7 Giugno 2022
Craig Leonardi, Baojin Zhu, William N Malatestinic, William J Eastman, Jiaying Guo, Mwangi J Murage, Casey Kar-Chan Choong, Russel Burge, Andrew Blauvelt

Real-world biologic adherence, persistence, and monotherapy comparisons in US patients with psoriasis: Results from IBM MarketScan® databases

Adv Ther. 2022 May 16. Online ahead of print
  • Obiettivo del presente studio è stato comparare la persistenza terapeutica di ixekizumab, in monoterapia o in associazione, rispetto agli altri biologici comunemente prescritti.
  • I pazienti trattati con ixekizumab hanno avuto una maggiore aderenza terapeutica e una più alta persistenza al trattamento, nonché un regime in monoterapia più lungo rispetto agli altri biologici.


Limited real-world data are available comparing multiple biologics on their adherence, persistence, and the use of concomitant biologics in the treatment of moderate-to-severe psoriasis in clinical practice.
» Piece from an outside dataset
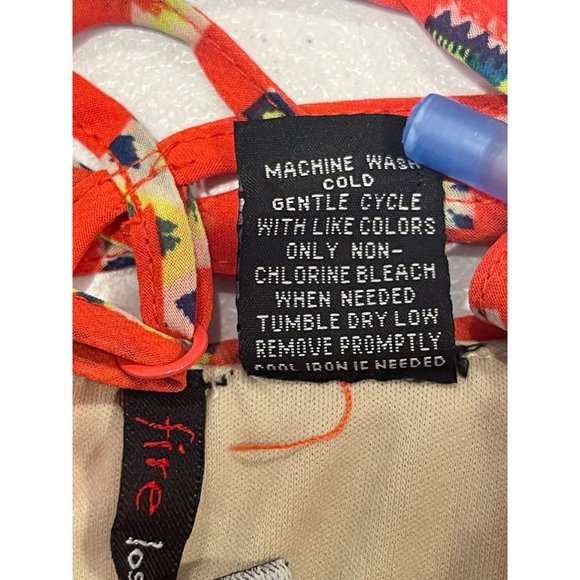 Fire Los Angeles Women Fit & Flare Dress FDW004804 Caged Back Geometric Orange M - Picture 9 of 9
The objective was to compare persistence of and adherence to ixekizumab (IXE) treatment, as monotherapy or with concomitant medication, versus patients receiving other commonly prescribed biologics.

Patients who newly initiated IXE, adalimumab (ADA), etanercept (ETN), secukinumab (SEC), or ustekinumab (UST) in IBM MarketScan® databases with diagnosis of psoriasis were identified. Treatment comparisons on medication persistence, adherence, and monotherapy were based on balanced samples after inverse probability of treatment weighting (IPTW).

A higher proportion of patients receiving IXE had had previous biologic therapies (50.3%) versus other biologics (ADA: 9.1%, ETN: 10.9%, SEC: 33.9%, UST: 19.7%). Patients treated with IXE showed statistically (p <0.001) greater persistence than patients treated with SEC, ADA, UST, or ETN at both 1-year follow-up and up to 3 years of follow-up. Adherence for patients treated with IXE was significantly (p <0.001) higher compared to ADA, ETN, and UST at both 1-year follow-up and up to 3 years of follow-up. There was no significantly higher adherence in patients treated with IXE compared to those treated with SEC at 1-year follow-up, but IXE had higher adherence than SEC (p <0.05) at 1-3 year follow-up. IXE showed longer time on monotherapy than ADA (p <0.001), ETN (p <0.001), SEC (p <0.05), and UST (p <0.001) for both 1-year and 1-3 year follow-up. Sensitivity analyses on persistence, adherence, and monotherapy with further model adjustments after IPTW confirmed the findings.

Patients treated with IXE were more persistent on and adherent to treatment and remained on monotherapy longer compared to those on all other commonly prescribed biologics combined or with individual biologics.